Data records Start Marker

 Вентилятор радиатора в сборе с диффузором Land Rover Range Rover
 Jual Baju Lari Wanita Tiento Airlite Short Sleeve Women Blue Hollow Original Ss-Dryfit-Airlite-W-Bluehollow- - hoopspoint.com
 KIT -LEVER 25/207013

Data records End Marker
Data records Start Marker

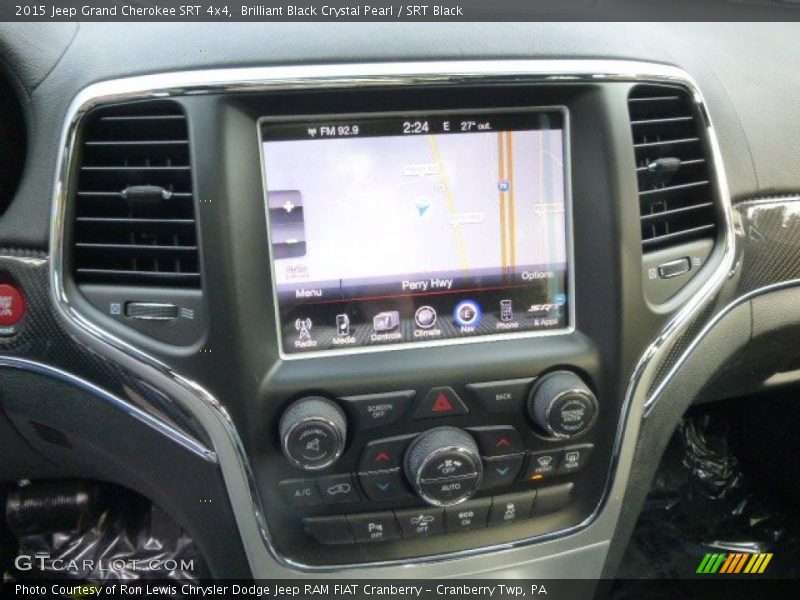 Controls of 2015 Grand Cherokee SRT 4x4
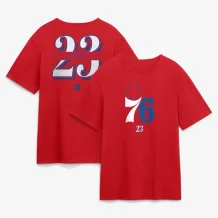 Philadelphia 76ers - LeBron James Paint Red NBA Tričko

Data records End Marker
Data records Start Marker

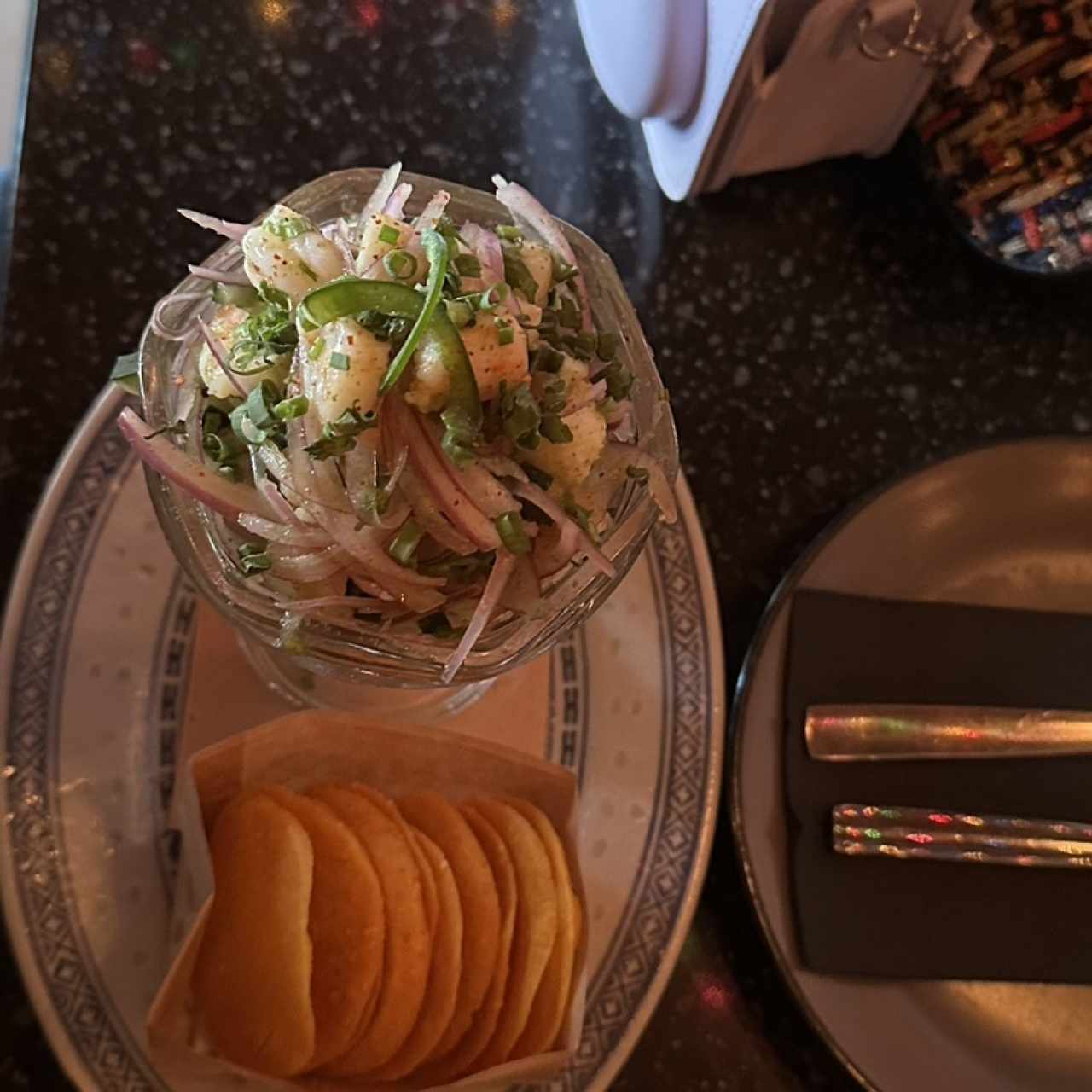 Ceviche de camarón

Data records End Marker

Assigned task ▸ Look above and copy only the lines from the one holding "Controls of 2015 Grand Cherokee SRT 4x4" to the one holding "Philadelphia 76ers - LeBron", both included, exactly, minus the pictures.

Exercise output ▸
 Controls of 2015 Grand Cherokee SRT 4x4
 Philadelphia 76ers - LeBron James Paint Red NBA Tričko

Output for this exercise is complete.